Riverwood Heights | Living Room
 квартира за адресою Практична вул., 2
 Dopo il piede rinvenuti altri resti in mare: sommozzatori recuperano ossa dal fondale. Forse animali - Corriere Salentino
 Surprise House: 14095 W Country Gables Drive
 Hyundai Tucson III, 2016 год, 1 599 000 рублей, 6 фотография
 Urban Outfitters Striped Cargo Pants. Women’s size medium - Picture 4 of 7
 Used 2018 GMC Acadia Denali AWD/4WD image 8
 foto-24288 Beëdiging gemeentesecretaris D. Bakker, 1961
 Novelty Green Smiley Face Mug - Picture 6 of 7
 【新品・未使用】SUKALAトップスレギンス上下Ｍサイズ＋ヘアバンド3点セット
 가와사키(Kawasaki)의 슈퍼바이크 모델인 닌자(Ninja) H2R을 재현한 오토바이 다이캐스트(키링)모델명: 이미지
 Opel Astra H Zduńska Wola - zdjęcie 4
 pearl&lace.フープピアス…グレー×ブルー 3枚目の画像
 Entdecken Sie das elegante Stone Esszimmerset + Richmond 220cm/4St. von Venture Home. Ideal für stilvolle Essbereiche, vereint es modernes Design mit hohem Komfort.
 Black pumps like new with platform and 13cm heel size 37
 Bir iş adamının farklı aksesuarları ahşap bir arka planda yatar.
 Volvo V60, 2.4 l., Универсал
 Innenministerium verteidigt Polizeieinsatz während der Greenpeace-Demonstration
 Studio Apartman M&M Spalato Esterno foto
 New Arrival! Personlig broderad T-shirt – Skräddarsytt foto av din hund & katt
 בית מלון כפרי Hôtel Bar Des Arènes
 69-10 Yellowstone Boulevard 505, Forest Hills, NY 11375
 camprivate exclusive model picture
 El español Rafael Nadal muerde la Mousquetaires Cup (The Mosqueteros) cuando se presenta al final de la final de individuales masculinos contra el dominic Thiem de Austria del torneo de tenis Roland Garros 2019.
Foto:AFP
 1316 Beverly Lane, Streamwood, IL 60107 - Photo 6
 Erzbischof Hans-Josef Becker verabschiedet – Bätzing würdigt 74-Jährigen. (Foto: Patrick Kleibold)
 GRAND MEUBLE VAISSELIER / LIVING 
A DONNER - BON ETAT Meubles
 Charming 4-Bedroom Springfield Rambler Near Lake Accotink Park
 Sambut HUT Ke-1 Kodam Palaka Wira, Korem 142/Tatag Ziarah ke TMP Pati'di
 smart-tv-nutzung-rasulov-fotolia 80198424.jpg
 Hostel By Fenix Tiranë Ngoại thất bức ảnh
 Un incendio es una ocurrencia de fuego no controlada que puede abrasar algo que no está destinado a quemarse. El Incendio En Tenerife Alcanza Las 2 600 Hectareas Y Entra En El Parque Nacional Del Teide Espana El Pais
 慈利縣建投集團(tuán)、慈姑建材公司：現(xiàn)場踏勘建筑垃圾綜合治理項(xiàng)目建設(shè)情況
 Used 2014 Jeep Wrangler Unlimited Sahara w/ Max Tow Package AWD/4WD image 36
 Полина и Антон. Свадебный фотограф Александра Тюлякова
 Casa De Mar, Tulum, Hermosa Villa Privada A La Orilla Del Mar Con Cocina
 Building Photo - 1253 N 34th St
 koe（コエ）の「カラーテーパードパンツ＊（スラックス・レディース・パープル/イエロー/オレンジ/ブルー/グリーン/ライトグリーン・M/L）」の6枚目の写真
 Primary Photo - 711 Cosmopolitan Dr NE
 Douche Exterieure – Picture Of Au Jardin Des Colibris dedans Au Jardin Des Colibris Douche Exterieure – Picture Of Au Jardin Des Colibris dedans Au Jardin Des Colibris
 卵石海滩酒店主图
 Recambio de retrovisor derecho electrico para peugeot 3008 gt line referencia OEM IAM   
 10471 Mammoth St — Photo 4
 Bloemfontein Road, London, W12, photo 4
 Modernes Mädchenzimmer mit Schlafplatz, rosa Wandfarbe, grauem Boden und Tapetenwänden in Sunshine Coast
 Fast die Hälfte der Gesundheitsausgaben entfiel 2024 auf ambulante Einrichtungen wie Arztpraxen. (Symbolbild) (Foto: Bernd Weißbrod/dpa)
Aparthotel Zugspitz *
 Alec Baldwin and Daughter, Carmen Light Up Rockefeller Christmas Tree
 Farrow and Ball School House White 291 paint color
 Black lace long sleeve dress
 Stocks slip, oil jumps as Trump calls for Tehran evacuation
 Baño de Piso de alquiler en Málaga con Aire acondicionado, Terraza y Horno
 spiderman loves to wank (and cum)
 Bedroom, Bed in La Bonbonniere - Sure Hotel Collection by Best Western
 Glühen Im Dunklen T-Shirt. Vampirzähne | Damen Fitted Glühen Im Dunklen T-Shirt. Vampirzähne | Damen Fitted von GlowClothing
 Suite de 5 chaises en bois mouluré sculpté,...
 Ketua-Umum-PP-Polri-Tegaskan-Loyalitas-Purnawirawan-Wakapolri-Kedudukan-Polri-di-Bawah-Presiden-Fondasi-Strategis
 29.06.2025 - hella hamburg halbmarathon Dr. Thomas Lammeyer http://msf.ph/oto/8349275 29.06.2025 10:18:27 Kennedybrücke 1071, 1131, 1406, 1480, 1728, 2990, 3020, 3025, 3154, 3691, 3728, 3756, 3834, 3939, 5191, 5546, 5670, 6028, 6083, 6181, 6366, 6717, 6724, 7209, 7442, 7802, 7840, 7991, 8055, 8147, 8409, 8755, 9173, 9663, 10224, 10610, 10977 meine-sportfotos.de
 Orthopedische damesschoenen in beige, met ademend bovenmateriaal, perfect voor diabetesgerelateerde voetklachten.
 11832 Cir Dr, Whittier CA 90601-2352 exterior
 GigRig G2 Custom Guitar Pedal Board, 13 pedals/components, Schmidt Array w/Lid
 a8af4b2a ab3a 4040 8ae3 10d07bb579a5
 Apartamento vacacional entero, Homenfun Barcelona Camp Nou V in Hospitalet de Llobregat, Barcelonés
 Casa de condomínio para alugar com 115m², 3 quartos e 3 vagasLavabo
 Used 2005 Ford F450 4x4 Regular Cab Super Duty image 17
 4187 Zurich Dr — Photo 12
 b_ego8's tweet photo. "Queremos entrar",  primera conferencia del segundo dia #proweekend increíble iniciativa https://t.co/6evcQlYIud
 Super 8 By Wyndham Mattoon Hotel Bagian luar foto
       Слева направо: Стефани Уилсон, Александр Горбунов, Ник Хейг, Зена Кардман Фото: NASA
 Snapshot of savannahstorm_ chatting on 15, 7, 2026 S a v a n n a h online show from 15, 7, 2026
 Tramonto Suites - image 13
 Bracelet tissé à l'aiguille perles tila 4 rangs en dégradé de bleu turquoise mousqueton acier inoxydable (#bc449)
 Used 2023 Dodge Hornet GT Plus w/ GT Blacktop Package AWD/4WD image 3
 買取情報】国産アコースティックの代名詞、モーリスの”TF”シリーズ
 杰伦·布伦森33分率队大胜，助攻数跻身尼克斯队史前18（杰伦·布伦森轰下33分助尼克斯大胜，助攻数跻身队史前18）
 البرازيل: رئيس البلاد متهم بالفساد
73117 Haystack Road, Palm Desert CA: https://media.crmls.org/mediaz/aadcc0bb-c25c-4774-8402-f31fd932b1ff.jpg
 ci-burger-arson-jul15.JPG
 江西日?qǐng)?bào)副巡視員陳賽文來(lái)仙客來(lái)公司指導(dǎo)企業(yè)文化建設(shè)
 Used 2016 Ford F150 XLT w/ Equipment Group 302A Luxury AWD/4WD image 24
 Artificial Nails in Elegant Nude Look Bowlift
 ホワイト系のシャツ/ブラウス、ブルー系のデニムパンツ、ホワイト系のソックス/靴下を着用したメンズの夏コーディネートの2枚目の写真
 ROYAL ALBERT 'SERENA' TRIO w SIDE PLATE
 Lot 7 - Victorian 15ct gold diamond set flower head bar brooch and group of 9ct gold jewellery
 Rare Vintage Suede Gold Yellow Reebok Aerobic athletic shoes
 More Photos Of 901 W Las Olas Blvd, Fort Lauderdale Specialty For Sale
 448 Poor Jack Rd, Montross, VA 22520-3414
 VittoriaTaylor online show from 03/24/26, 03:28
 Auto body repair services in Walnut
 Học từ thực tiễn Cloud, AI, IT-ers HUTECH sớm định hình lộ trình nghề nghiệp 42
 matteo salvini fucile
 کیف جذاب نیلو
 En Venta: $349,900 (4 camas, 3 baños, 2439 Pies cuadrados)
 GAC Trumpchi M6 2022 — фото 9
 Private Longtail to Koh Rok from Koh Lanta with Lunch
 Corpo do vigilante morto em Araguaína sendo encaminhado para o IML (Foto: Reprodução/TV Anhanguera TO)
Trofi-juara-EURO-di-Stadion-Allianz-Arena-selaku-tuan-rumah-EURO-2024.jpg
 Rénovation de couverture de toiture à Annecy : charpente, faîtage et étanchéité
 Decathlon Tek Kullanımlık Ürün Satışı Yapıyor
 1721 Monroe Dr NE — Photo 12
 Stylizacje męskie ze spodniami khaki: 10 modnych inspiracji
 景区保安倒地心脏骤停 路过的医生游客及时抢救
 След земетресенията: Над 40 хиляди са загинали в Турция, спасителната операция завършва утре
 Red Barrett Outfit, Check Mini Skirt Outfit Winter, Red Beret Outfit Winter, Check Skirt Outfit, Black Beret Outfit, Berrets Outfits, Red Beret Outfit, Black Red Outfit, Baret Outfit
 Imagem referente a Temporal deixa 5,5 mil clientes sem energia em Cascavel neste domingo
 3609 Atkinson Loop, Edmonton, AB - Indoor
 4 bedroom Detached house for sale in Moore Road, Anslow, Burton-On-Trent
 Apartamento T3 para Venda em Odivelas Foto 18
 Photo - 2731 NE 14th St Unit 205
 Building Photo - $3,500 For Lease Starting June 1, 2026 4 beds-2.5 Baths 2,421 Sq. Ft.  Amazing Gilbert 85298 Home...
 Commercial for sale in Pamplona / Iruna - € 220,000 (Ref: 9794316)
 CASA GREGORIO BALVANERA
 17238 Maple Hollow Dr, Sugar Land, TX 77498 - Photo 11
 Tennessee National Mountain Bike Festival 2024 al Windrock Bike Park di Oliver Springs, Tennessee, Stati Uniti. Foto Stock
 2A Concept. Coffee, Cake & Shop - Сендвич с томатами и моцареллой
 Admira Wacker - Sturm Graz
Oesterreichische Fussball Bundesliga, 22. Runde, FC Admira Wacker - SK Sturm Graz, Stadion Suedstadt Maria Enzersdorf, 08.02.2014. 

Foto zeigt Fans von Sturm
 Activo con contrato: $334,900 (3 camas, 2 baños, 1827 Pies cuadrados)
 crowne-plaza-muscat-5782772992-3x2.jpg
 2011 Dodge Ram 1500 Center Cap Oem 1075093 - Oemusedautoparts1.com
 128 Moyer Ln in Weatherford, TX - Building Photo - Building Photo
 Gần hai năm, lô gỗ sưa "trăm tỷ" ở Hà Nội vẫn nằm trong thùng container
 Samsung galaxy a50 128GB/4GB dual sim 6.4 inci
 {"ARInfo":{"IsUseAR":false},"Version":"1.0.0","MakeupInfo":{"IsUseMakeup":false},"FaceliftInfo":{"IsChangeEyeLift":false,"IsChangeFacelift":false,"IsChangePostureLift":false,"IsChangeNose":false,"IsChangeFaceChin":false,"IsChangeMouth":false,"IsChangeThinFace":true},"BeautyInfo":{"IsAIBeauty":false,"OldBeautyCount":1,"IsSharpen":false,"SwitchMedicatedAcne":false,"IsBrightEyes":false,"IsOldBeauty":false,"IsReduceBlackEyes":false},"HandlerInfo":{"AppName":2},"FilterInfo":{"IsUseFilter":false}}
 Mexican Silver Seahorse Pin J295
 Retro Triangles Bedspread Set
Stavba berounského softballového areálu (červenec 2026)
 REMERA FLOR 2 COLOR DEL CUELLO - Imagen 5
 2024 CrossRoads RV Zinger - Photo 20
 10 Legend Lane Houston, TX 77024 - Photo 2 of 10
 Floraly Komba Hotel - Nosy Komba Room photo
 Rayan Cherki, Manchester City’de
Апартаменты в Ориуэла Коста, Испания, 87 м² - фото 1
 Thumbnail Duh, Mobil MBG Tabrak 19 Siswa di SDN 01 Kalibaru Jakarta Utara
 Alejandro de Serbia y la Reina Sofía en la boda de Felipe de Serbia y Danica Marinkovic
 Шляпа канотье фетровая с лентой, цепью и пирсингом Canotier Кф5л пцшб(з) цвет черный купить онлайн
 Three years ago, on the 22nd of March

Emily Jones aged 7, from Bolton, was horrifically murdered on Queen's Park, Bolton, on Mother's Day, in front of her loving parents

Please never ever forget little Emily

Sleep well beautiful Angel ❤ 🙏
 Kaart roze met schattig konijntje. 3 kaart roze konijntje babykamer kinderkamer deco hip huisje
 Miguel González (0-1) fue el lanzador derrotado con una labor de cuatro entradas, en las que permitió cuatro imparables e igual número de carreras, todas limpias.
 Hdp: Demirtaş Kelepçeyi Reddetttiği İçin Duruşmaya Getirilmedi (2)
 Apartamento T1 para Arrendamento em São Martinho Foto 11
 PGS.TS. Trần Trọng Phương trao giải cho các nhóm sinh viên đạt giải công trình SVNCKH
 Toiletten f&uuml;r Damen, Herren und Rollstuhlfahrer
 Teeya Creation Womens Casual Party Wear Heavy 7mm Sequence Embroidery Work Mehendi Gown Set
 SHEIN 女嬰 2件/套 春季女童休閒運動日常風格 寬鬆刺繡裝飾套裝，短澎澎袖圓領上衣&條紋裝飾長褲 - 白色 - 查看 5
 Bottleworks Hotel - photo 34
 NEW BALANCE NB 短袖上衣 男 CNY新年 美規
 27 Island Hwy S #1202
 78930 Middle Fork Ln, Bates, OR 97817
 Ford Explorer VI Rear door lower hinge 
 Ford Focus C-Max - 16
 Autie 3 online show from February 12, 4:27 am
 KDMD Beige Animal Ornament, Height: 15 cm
# # # # #
**What is needed**
Could you copy every line in the records that holds "Package"?

**Result for this task**
 Used 2014 Jeep Wrangler Unlimited Sahara w/ Max Tow Package AWD/4WD image 36
 Used 2023 Dodge Hornet GT Plus w/ GT Blacktop Package AWD/4WD image 3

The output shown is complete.